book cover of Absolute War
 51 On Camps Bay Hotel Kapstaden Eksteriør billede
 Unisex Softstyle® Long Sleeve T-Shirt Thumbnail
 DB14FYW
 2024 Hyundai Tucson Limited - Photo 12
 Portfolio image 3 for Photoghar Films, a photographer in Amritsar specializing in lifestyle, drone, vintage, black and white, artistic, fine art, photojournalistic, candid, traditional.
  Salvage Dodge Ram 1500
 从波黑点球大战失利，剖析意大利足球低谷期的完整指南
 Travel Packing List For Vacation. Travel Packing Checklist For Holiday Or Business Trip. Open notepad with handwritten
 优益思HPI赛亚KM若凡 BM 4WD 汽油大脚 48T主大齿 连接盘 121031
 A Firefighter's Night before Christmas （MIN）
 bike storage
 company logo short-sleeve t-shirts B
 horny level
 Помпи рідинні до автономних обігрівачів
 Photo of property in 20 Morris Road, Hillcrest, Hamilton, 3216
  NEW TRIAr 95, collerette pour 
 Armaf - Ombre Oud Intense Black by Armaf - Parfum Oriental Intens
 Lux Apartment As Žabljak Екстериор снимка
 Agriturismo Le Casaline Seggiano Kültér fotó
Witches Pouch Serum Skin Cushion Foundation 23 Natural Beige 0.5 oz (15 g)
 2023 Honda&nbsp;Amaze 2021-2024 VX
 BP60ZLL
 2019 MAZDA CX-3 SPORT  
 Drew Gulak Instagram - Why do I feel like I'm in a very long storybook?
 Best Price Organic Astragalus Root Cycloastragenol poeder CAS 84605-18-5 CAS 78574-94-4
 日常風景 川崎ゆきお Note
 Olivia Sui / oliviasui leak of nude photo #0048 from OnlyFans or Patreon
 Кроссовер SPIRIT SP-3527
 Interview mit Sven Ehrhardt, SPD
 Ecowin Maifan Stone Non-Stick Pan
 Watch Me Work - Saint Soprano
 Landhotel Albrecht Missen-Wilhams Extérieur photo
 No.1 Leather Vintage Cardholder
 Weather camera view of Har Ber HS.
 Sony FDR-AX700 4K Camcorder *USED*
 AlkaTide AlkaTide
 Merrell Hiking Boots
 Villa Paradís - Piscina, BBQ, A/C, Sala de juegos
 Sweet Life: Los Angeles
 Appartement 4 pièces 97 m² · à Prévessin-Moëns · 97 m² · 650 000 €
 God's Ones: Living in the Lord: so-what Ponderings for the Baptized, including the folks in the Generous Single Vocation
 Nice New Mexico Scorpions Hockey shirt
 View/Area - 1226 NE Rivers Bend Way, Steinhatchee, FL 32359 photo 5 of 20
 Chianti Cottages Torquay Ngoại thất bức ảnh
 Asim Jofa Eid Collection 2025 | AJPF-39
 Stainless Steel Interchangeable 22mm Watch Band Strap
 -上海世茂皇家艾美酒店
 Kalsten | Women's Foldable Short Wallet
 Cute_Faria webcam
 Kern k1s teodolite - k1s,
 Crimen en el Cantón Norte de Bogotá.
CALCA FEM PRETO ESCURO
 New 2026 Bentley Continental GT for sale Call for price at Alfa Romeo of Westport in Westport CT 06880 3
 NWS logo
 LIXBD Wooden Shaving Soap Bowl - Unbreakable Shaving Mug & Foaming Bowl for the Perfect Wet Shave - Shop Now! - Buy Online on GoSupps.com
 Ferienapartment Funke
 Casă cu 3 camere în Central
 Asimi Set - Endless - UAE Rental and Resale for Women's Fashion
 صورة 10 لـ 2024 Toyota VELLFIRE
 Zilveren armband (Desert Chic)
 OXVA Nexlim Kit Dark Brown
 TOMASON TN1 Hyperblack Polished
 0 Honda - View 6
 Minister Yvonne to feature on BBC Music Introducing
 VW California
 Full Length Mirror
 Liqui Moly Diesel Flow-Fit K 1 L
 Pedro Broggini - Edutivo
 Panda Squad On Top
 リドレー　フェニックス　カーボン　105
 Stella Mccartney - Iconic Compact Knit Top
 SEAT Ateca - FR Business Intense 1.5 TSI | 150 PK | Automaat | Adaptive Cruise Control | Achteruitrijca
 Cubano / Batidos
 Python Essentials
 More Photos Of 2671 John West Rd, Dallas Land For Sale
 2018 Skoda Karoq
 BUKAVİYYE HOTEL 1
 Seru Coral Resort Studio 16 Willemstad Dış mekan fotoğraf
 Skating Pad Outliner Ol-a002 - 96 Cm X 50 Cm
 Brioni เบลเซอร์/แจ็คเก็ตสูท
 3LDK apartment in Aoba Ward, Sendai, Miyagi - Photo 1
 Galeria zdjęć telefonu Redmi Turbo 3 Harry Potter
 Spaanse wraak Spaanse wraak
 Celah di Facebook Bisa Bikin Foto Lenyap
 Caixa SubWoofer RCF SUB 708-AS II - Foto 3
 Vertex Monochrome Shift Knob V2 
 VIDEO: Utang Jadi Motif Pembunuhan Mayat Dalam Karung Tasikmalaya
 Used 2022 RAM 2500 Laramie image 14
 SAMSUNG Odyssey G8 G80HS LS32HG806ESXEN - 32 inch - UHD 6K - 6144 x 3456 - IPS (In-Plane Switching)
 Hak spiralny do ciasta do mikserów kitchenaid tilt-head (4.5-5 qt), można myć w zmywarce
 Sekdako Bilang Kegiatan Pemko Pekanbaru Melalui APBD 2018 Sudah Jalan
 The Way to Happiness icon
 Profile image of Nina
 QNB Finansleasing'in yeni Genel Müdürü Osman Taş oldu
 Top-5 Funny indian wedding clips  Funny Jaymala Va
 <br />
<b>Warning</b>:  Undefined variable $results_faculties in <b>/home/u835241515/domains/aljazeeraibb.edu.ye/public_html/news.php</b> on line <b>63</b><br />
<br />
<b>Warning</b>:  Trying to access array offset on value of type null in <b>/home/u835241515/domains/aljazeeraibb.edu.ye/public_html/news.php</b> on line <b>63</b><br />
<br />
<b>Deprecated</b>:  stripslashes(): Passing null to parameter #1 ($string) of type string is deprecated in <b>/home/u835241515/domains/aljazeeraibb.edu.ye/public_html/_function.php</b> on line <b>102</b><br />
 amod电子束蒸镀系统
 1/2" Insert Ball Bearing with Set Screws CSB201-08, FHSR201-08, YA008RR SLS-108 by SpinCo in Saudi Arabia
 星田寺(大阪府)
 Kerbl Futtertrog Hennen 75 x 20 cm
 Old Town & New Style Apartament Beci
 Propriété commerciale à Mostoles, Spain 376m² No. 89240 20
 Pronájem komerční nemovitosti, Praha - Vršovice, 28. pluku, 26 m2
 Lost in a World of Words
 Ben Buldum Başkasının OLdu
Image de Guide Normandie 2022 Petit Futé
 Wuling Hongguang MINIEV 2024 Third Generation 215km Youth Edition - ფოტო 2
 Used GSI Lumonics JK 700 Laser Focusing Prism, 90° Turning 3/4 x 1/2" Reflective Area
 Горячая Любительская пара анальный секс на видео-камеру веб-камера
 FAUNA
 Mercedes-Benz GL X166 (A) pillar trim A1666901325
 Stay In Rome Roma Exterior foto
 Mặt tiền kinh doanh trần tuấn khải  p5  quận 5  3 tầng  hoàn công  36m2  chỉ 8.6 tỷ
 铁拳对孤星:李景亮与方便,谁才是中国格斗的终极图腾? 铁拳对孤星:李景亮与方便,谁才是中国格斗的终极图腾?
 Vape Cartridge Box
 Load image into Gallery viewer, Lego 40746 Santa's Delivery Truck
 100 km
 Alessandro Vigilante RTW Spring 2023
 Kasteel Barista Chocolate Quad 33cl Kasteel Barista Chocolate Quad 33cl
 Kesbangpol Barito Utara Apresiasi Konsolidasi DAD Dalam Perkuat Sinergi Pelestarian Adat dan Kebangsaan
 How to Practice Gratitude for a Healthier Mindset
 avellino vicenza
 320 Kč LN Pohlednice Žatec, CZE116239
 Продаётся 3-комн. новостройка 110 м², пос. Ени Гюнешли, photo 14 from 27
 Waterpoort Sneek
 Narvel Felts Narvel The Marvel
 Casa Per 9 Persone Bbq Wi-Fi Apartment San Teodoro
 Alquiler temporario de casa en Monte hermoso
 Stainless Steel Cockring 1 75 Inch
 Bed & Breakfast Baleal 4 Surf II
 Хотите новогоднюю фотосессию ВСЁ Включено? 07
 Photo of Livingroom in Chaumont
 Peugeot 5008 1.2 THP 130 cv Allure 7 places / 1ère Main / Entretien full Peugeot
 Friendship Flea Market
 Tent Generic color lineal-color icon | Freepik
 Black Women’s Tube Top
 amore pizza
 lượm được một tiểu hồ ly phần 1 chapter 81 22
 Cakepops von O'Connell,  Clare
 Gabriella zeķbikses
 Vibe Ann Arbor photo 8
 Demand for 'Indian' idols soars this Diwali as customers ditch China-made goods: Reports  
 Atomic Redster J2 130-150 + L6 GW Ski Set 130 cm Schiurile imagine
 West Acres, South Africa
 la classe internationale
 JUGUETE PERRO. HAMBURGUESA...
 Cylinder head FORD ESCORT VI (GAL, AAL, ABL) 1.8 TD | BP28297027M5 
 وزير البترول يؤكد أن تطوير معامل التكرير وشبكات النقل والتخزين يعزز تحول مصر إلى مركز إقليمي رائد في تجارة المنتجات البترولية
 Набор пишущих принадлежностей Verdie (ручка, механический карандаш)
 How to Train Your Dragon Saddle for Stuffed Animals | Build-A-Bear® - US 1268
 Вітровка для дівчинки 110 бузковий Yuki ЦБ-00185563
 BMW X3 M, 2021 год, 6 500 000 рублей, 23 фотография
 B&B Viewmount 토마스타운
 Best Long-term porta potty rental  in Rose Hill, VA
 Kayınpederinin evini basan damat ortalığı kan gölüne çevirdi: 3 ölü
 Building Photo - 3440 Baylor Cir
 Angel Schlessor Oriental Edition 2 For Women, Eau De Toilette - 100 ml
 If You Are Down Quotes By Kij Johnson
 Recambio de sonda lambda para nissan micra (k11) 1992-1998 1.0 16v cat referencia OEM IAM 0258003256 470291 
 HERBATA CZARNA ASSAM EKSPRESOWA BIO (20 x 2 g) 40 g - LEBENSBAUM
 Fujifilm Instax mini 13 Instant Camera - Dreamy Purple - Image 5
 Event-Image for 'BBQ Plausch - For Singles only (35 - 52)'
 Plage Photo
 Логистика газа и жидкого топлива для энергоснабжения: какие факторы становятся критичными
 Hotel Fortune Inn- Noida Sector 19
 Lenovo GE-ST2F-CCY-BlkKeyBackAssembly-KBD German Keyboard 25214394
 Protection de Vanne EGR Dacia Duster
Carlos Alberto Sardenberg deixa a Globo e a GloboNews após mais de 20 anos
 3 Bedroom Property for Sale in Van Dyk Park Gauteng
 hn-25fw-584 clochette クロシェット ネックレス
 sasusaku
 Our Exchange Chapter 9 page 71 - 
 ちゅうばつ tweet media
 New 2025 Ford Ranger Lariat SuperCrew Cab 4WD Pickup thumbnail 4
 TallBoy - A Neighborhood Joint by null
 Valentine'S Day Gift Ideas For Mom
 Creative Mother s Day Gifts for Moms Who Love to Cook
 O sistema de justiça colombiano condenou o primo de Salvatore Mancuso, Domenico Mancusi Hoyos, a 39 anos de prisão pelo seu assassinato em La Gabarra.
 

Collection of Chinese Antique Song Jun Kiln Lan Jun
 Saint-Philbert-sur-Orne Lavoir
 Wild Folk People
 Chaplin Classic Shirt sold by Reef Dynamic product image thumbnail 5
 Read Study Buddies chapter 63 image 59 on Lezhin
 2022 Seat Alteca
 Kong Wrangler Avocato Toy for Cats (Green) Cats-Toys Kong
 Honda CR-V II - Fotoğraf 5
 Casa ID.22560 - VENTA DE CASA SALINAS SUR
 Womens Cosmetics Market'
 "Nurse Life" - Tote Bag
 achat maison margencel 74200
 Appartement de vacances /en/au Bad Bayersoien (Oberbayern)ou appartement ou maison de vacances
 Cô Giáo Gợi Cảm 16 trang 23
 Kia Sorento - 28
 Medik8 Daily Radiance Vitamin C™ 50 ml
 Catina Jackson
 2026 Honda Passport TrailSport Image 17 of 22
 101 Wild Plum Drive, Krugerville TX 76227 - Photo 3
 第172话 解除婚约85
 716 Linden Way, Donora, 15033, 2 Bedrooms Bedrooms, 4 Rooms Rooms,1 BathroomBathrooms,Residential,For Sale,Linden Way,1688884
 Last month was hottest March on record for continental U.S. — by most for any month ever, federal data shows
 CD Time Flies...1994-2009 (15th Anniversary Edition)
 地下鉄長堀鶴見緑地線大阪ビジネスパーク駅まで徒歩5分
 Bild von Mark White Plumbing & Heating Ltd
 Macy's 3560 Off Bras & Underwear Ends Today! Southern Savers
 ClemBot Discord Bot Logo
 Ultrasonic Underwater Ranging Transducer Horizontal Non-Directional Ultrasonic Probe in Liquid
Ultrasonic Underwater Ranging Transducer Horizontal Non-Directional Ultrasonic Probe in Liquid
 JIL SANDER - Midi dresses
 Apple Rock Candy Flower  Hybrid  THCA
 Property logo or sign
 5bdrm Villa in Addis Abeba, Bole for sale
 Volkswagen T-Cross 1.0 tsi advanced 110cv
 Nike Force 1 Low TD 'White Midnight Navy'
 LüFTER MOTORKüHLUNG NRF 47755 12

* * * * *

Here the output must be the lines above from the line with "Friendship Flea Market" to the line with "Vibe Ann Arbor photo 8", both included, duplicated word for word and nothing else.

 Friendship Flea Market
 Tent Generic color lineal-color icon | Freepik
 Black Women’s Tube Top
 amore pizza
 lượm được một tiểu hồ ly phần 1 chapter 81 22
 Cakepops von O'Connell,  Clare
 Gabriella zeķbikses
 Vibe Ann Arbor photo 8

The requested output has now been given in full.